South Korea has a problem, and it involves squirrels. Acorns are being taken from parks and forests for human consumption, and it’s negatively affecting the squirrels. According to experts, each individual squirrel needs to bury more than 100 acorns to survive the winter.
The population of squirrels has decreased by about 30 percent in the past decade, according to a 2018 wildlife report by South Korea’s National Institute of Biological Resources. This all began when researchers announced that an acorn is a “superfood” that can help battle obesity and diabetes.

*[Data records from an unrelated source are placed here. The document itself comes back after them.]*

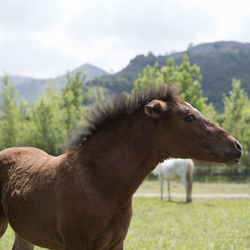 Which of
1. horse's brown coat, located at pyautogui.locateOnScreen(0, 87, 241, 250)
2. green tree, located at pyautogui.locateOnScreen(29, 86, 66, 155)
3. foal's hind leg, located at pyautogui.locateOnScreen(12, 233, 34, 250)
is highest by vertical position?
horse's brown coat, located at pyautogui.locateOnScreen(0, 87, 241, 250)

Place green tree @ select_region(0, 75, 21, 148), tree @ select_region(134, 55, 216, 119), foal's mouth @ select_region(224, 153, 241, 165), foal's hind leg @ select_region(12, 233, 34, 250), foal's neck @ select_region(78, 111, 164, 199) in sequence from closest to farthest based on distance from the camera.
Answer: foal's mouth @ select_region(224, 153, 241, 165) → foal's neck @ select_region(78, 111, 164, 199) → foal's hind leg @ select_region(12, 233, 34, 250) → green tree @ select_region(0, 75, 21, 148) → tree @ select_region(134, 55, 216, 119)

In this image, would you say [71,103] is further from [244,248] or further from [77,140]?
[77,140]

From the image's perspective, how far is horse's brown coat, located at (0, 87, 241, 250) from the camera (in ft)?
8.02

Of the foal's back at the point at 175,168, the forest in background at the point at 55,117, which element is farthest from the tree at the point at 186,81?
the foal's back at the point at 175,168

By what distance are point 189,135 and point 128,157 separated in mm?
525

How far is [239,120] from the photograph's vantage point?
24.5 m

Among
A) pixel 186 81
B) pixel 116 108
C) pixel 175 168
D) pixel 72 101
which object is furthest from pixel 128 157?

That’s not the only reason. People are saying that acorns make great food products like noodles, jelly powder, and coffee. Acorns were eaten a lot during famines or poor harvest, when South Koreans made a special dish called dotori muk. This is made by soaking acorns for a few days then mashing them up, and eventually boiling the acorn starch. Dotori muk can be served as thin gelatinous blocks with a light drizzle of soy sauce and scallions, pan fried cakes, dumplings and more. Shin Kyungja finds acorns near her home and makes an acorn powder, then sells it online. “My children tell me I'm mean for taking food away from the squirrels,” she says.

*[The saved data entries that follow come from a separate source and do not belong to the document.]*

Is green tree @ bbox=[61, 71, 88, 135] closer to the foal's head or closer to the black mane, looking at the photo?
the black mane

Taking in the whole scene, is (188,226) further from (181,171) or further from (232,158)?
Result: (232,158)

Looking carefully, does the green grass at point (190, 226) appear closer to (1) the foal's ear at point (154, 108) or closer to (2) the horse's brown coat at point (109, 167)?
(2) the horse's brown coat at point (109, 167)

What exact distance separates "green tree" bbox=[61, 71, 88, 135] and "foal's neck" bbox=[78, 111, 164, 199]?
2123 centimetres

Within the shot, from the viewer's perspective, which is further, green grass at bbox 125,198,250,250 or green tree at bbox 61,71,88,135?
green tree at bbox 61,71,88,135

The problem has become big enough that people caught gathering acorns for commercial use can face a five year prison sentence or a $40,000 fine. Also, at Seoul Yonsei University they have acorn rangers who prevent the nut from being taken from their parks. One year at Bukhansan National Park, employees recovered 450 pounds of acorns from those trying to steal them. A helicopter had to be used to redistribute the precious nut to the squirrels.